─── TASK INPUTS

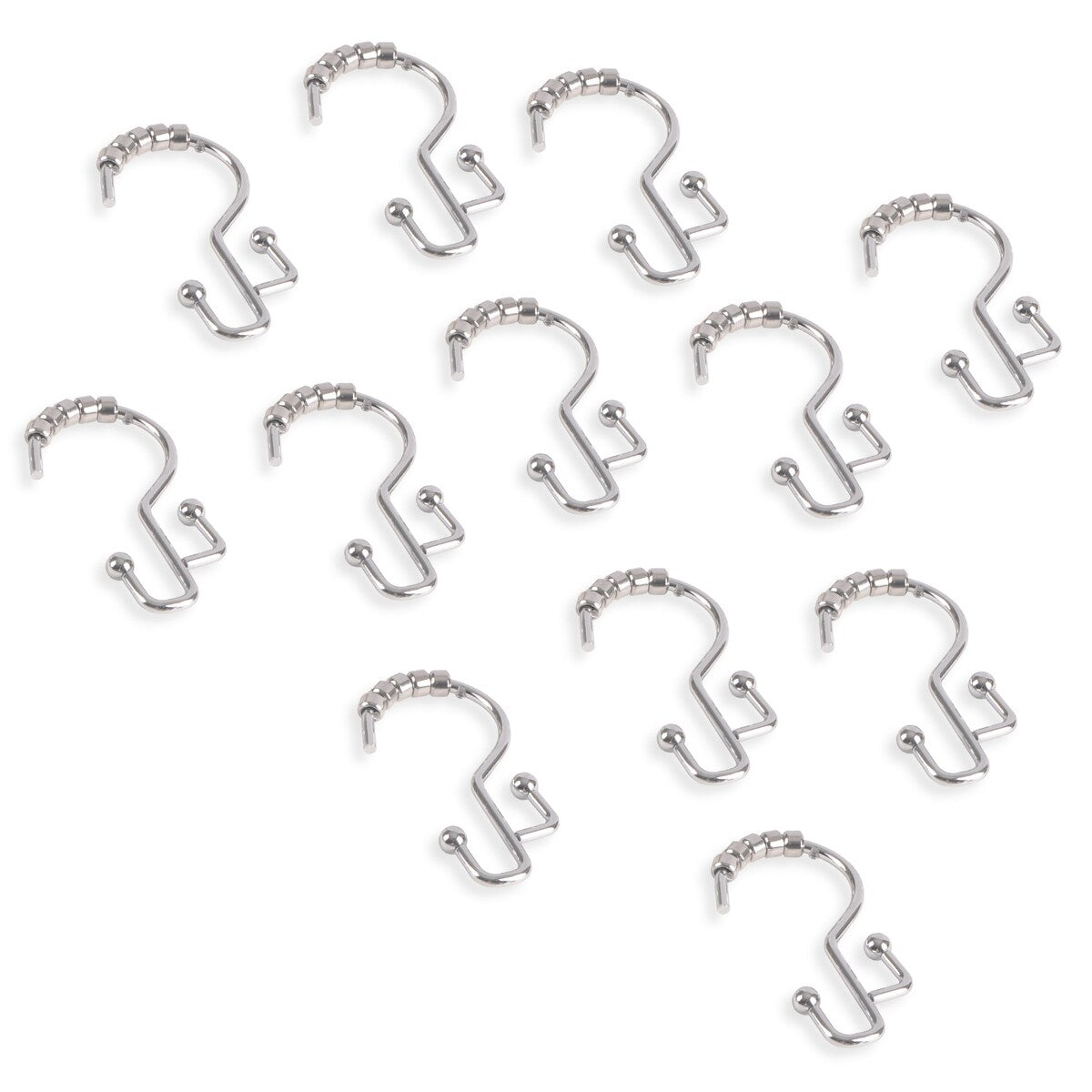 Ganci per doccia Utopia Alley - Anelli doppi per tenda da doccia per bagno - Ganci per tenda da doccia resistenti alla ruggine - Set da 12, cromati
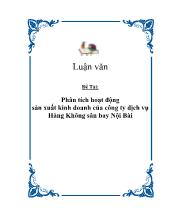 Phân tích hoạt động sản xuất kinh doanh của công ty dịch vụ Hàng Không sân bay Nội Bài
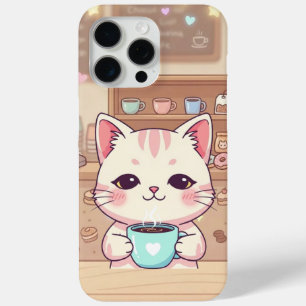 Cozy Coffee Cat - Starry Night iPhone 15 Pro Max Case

──────
─── TASK INPUTS

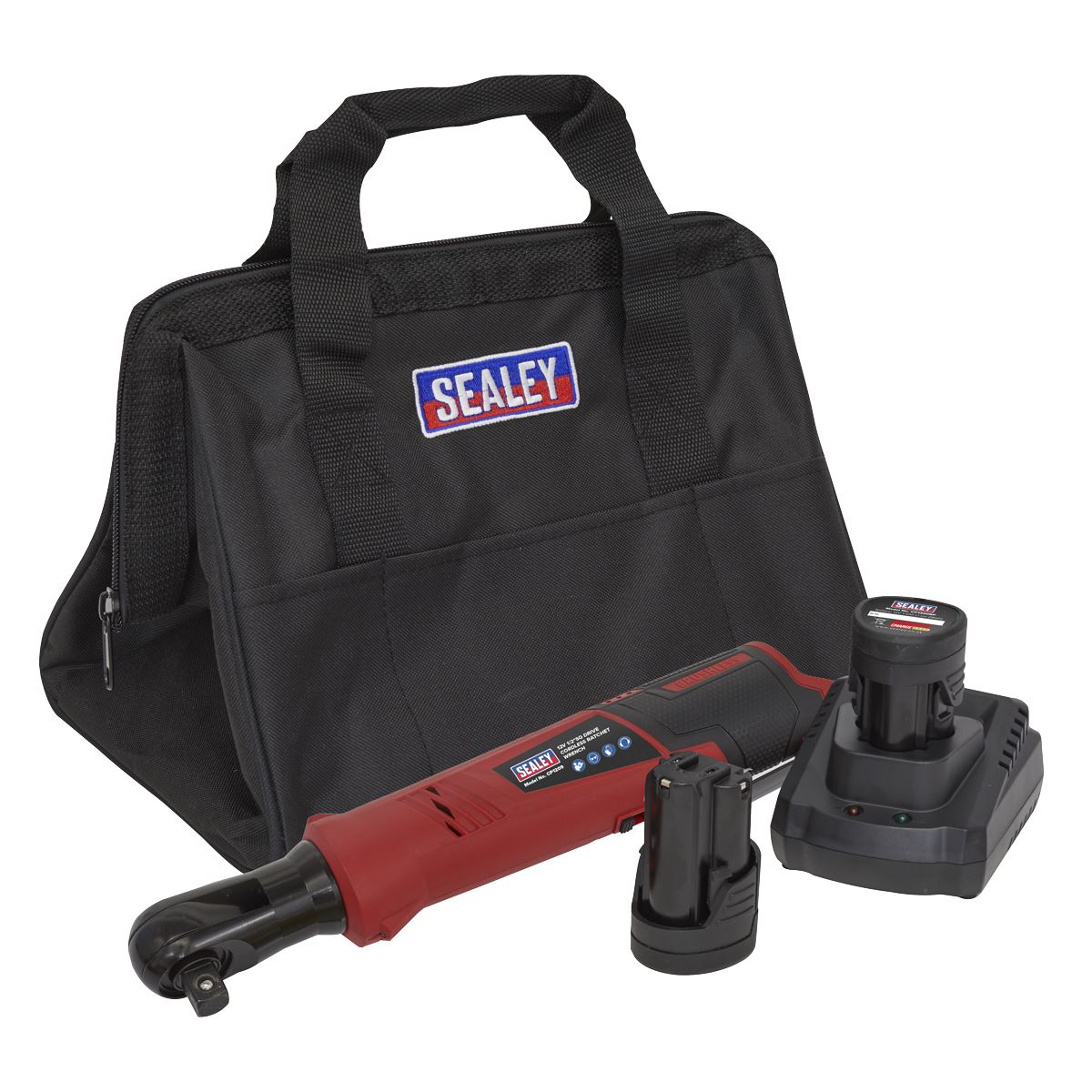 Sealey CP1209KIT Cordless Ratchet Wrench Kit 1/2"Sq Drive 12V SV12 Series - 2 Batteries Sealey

──────

- _PROBLEM TO SOLVE_: Starting at the line above that has "Ganci per doccia" and ending at the line that has "Cozy Coffee Cat", copy each line exactly, leaving the pictures out and adding nothing.

- _WRITTEN SOLUTION_:
 Ganci per doccia Utopia Alley - Anelli doppi per tenda da doccia per bagno - Ganci per tenda da doccia resistenti alla ruggine - Set da 12, cromati
 Phân tích hoạt động sản xuất kinh doanh của công ty dịch vụ Hàng Không sân bay Nội Bài
 Cozy Coffee Cat - Starry Night iPhone 15 Pro Max Case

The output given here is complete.